**** MATERIAL FOR THIS TASK ****

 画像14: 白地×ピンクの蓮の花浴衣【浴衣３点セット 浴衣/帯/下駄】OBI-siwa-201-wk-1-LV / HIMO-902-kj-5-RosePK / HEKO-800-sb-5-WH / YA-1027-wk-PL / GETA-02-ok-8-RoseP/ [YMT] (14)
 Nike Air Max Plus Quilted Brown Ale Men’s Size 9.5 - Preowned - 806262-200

****
**** MATERIAL FOR THIS TASK ****

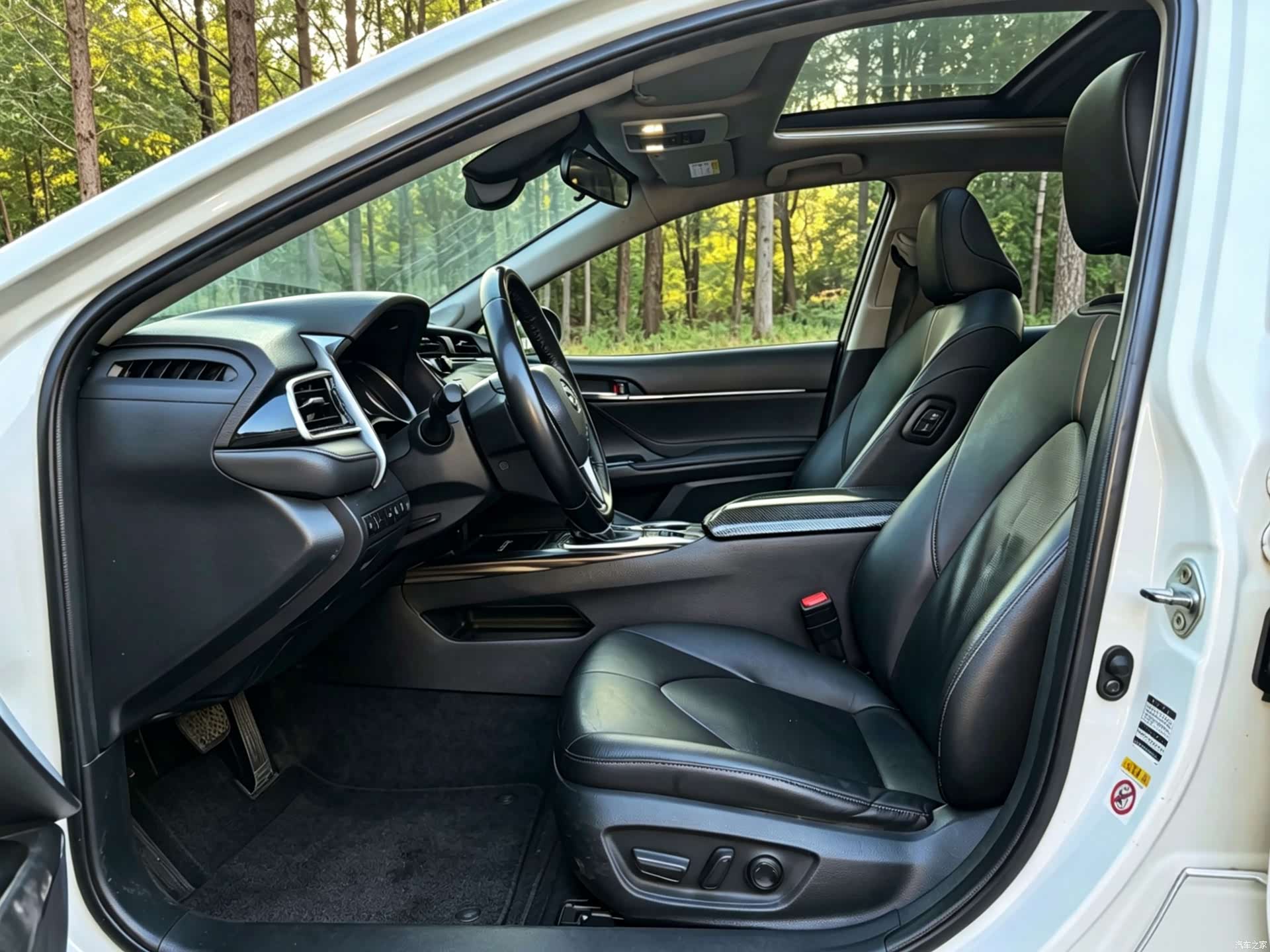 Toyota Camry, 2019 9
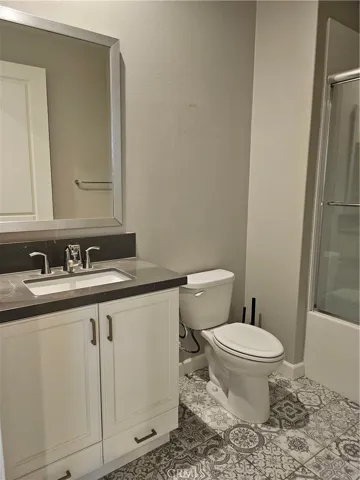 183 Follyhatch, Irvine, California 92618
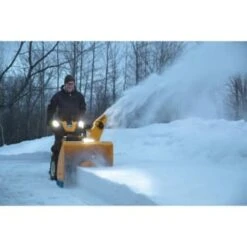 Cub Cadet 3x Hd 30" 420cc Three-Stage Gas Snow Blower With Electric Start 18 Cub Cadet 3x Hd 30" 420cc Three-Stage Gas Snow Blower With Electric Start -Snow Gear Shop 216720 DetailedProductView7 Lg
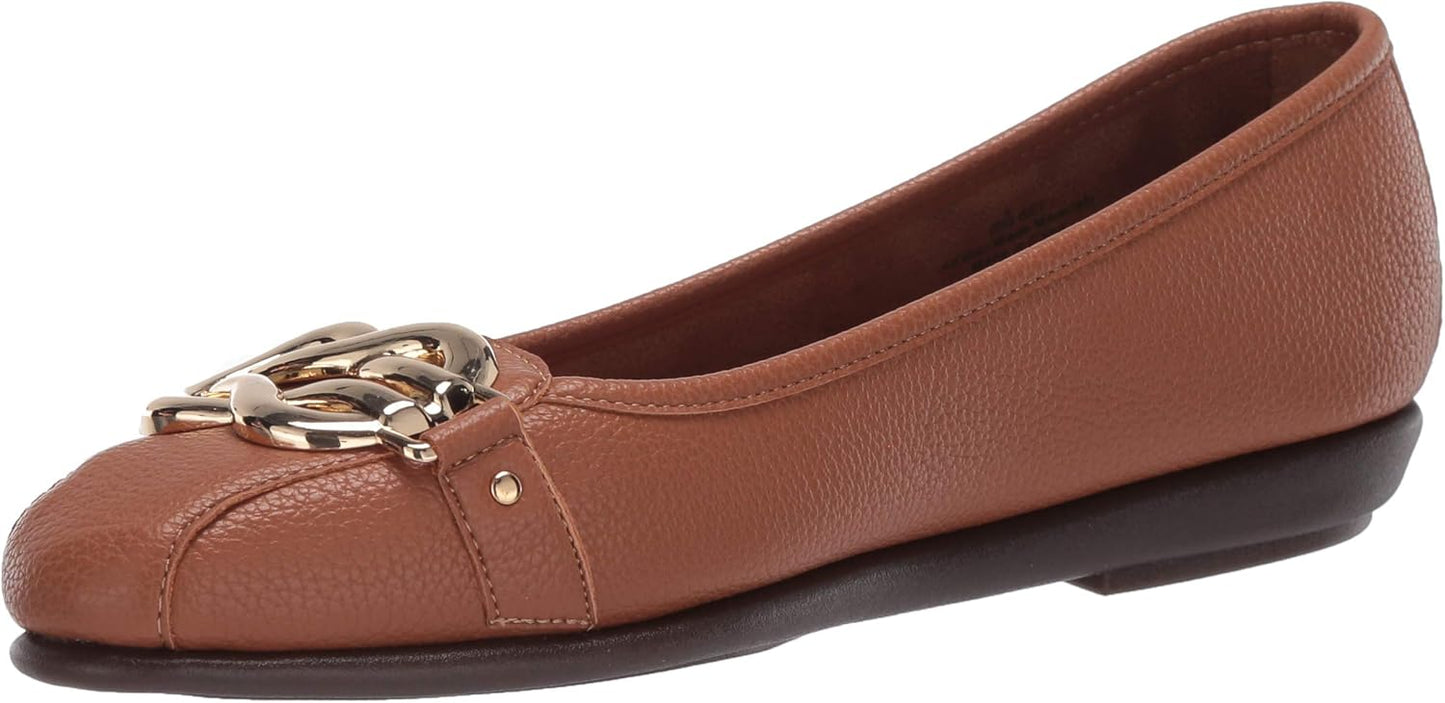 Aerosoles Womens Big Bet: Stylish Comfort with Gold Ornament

****
**** MATERIAL FOR THIS TASK ****

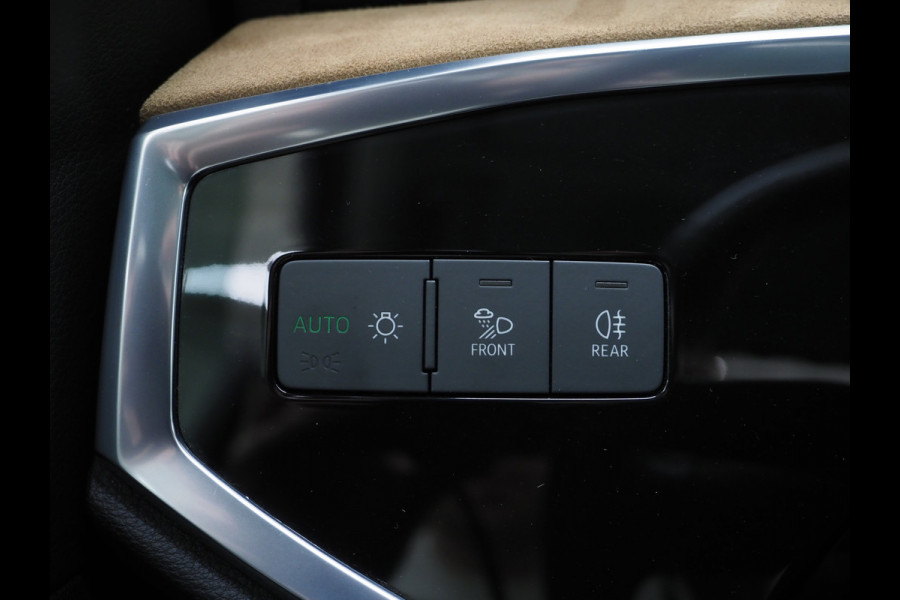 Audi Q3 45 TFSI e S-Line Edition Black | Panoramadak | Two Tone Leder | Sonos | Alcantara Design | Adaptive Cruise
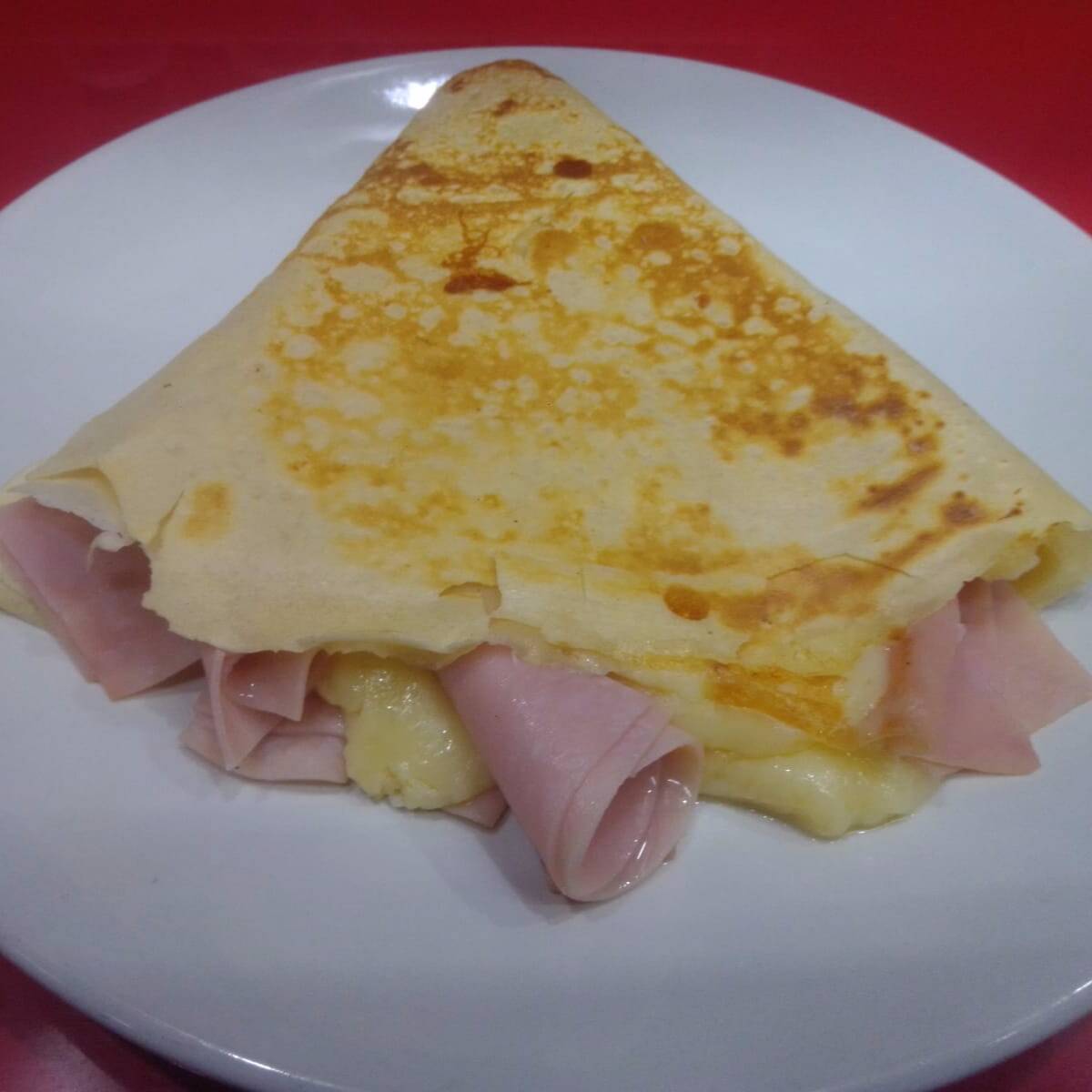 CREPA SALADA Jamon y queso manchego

****

YOUR GOAL: Using the records above, print exactly the run of lines that starts with the line with "Toyota Camry, 2019 9" and goes on through the line with "183 Follyhatch, Irvine, California 92618", pictures excluded.

WRITTEN REPLY:
 Toyota Camry, 2019 9
 183 Follyhatch, Irvine, California 92618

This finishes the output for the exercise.